A New Global Drug Problem

The United Nations warned in a report released Monday that permissive new drug laws permitting the use of recreational marijuana in the American states of Colorado and Washington are in violation of international laws and could endanger public health.

During a press conference in London, Raymond Yans, president of the United Nations’ drug-monitoring body, the International Narcotics Control Board, said that recently passed laws in Colorado and Washington were nothing short of pathways “for recreational use.”

The world has a growing drug problem, and much of the drugs are legal.

The proliferation of both traditional garden-variety illicit drugs and high-end, pharmaceutically complex drugs – as well as the opening of previously closed markets, has officials from Brussels to New York in a tizzy.

In the United States, dispensaries in California are already supplying large quantities of potent medical marijuana to anyone with a “condition” requiring treatment. The conditions range widely — from serious cancer-related issues, to glaucoma to things like stress, leading some to claim they’re recreational outlets masquerading as medical help centers. California has so far rejected attempts to pass recreational legalization laws, but in places like the Bay Area police rarely, if ever, crack down on people smoking marijuana in the open.

In Europe and other parts of the world it’s often synthesized chemical cocktails that are leading to spikes in overdoses and medical ailments.

As The Moscow Times reported this week, Europe’s regulatory environment isn’t particularly stringent. A form of “synthetic marijuana” known generically as “spice” is making the rounds and generating hundreds of millions in profits. The biggest problem isn’t the chemistry, however, it’s the law. Spice relies primarily on a synthetic compound called “quinolin-8-yl 1-pentyl-1H-indole-3-carboxylate.” Imported mostly from Asia, it can be lethal, but a loophole in Moscow’s laws makes banning it virtually impossible, The Moscow Times reports. The compound has been linked to kidney failure and acute coronary syndrome.

Estonia, meanwhile, was revealed to have an overdose rate roughly five times higher than the E.U. average. In a report issued last month by the Europe Monitoring Centre for Drugs and Drug Addictions, the tiny country led E.U. nations with 160 overdose deaths last year, mostly from a synthetic form of heroin called China White, a 21-percent increase over the previous year.

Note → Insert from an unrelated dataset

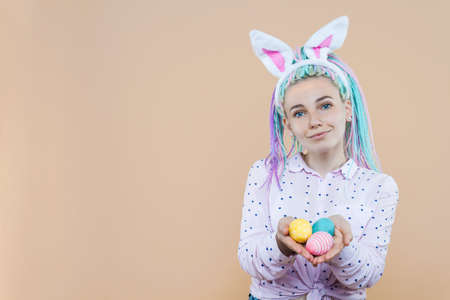 Pretty girl in bunny ears, pink shirt is holding eggs. Young woman with colored dreadlocks is preparing for celebration. Happy easter, spring concept. Carnival, seasonal party decor for holiday.の写真素材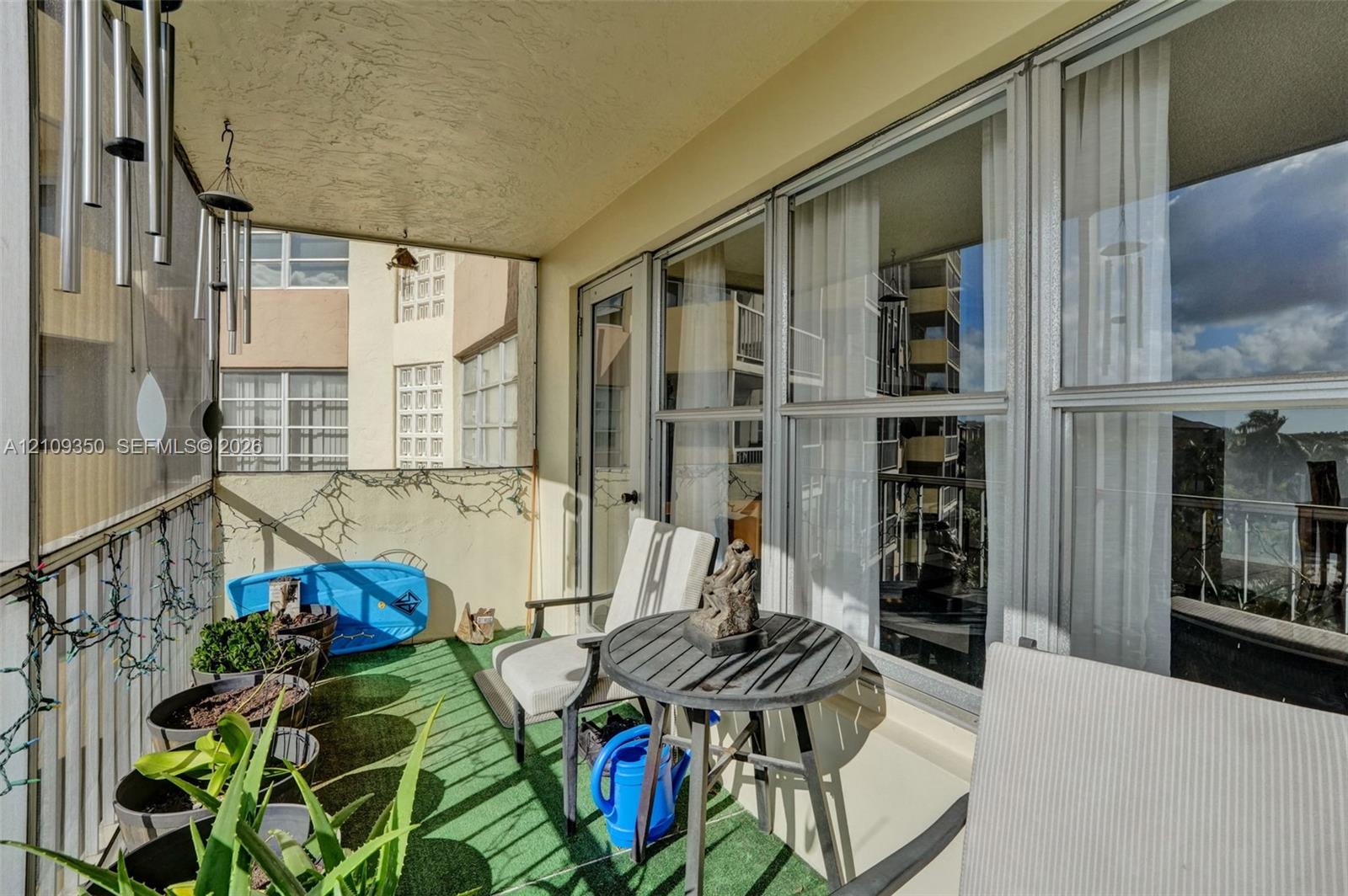 Covered balcony featuring metal railing, large floor-to-ceiling windows, and artificial turf flooring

The news from Estonia and Russia is indicative of a trend the I.N.C.B. warned about – the proliferation of so-called “designer drugs” throughout Europe and much of the world. The report said these “legal highs” – many of them dangerous — are appearing in European markets at the rate of about one per week: 49 in 2011.

They’re often advertised as natural and harmless like plant foods, supplements or brain-boosting cocktails. But regulators say they’re anything but. The Independent reported that in 2010, 43 people died from a substance known as mephedrone, or “miaow, miaow” on the streets.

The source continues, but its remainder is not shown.